I'm telling the relevant authorities about you.....

(does it interact with muons?)


----------



## kenkickr (Jan 5, 2016)

If you have a microwave to get rid of nuke it like your making ramen noodles


----------



## peche (Jan 5, 2016)

the54thvoid said:


> (does it interact with muons?)


thats classified lad, show your black mesa id or anomalous materials badge


----------



## the54thvoid (Jan 5, 2016)

peche said:


> thats classified lad, show your black mesa id or anomalous materials badge



Gordon Freeman mugged me with a crowbar and stole my pass.


----------



## Frick (Jan 5, 2016)

the54thvoid said:


> Gordon Freeman mugged me with a crowbar and stole my pass.



And you were blushing the whole time I'm sure.


----------



## peche (Jan 5, 2016)

the54thvoid said:


> Gordon Freeman mugged me with a crowbar and stole my pass.


lol.... 



Frick said:


> And you were blushing the whole time I'm sure.


----------



## eidairaman1 (Jan 5, 2016)

Run killdisk on it 5 times


----------



## xorbe (Jan 5, 2016)

Just dd with /dev/zero ... if it had anything that important, someone will crowbar you for the info later anyway.


----------



## BiggieShady (Jan 5, 2016)

Aquinus said:


> It's a little paranoid to think that someone is going to go out of their way to recover data from a dead drive and isn't a realistic expectation.


I agree. The most realistic scenario that comes close is if a target is VIP/Celebrity/Rich person who brings dead drive to the data recovery company and employee steals recovered sensitive data.


qubit said:


> when all your important data is on it, one gets a little paranoid and plays it safe.

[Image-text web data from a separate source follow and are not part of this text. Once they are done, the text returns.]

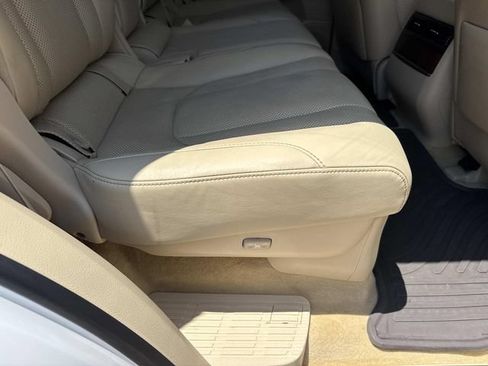 Used 2021 Lexus LX 570 4WD w/ Luxury Package image 21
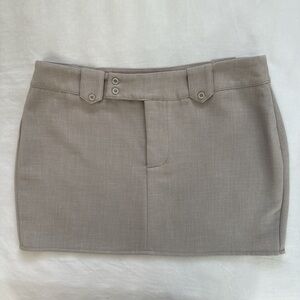 PrettyLittleThing Shape Stone Woven Micro Mini Skirt | Size 6 (New Without Tags)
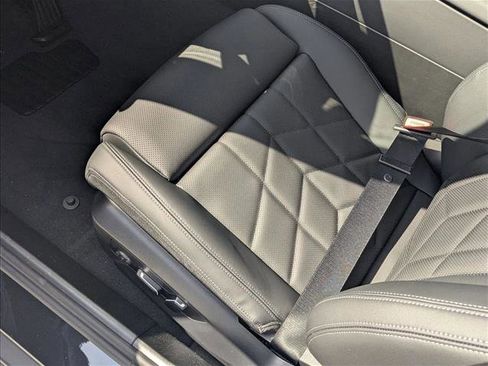 New 2026 BMW i5 eDrive40 image 4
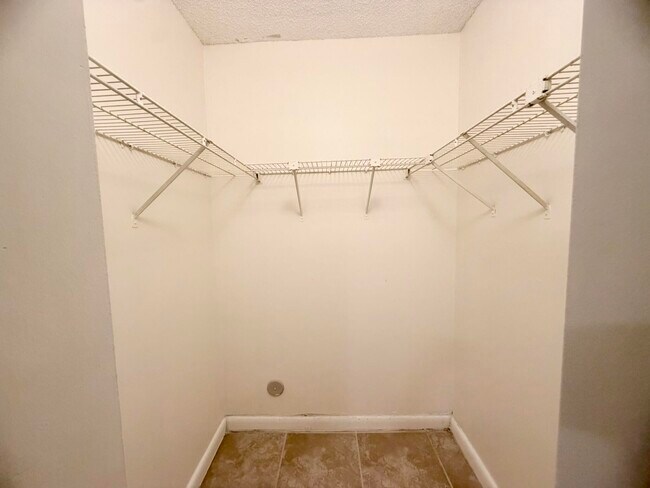 Building Photo - 9955 Westview Dr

I suspect you just want to physically destroy dead hardware and make a poll out of it. If that's the case, I approve 

I voted other:
Toss it into a MRI machine and run the scan.


----------



## Ithanul (Jan 5, 2016)

jsfitz54 said:


> I voted other.  Take out platters intact and use them to make a mobile or some other tech art project.
> 
> View attachment 70827


Ooo, never thought of that.  I seen where one peep made his into a clock.  But that is sweet right there.  May do that when ever one of my many drives finally do decide to kick the bucket.


----------



## Static~Charge (Jan 5, 2016)

My preferred disposal method: take it to the target range and create some large-caliber gaps in the data.


----------



## qubit (Jan 6, 2016)

BiggieShady said:


> I suspect you just want to physically destroy dead hardware and make a poll out of it. If that's the case, I approve
> 
> I voted other:
> Toss it into a MRI machine and run the scan.


Shhh, don't let on! 

I'd love to see it fly in that MRI machine...


----------



## FordGT90Concept (Jan 6, 2016)

Unscrew the cover, disassemble the spindle, lay the platters out on rocks, torch them.



Static~Charge said:


> My preferred disposal method: take it to the target range and create some large-caliber gaps in the data.


That would be expensive.  Those rounds are over $2 each.


Edit: Or toss it into Kilauea (Mount Doom ):


----------



## Static~Charge (Jan 6, 2016)

FordGT90Concept said:


> That would be expensive.  Those rounds are over $2 each.



Yes, but one round will "ventilate" over a dozen drives if you strap them together first.


----------



## flmatter (Jan 6, 2016)

I have a 25ton shop press that is perfect for destroying things


----------



## xorbe (Jan 6, 2016)

If I had to absolutely destroy a hard drive, after dd if=/dev/zero (...), I'd open the case, pop the platters, and hit the surfaces with the angle grinder / blow torch.  That's the best I've got lying around (that could be used legally hah), unless there are some common household cleaners / garage chemicals that would attack the platter surfaces.


----------



## flmatter (Jan 6, 2016)

xorbe said:


> common household cleaners / garage chemicals


  those are still legal in California and how would you clean your area up with the water ban in place? hahahaha


----------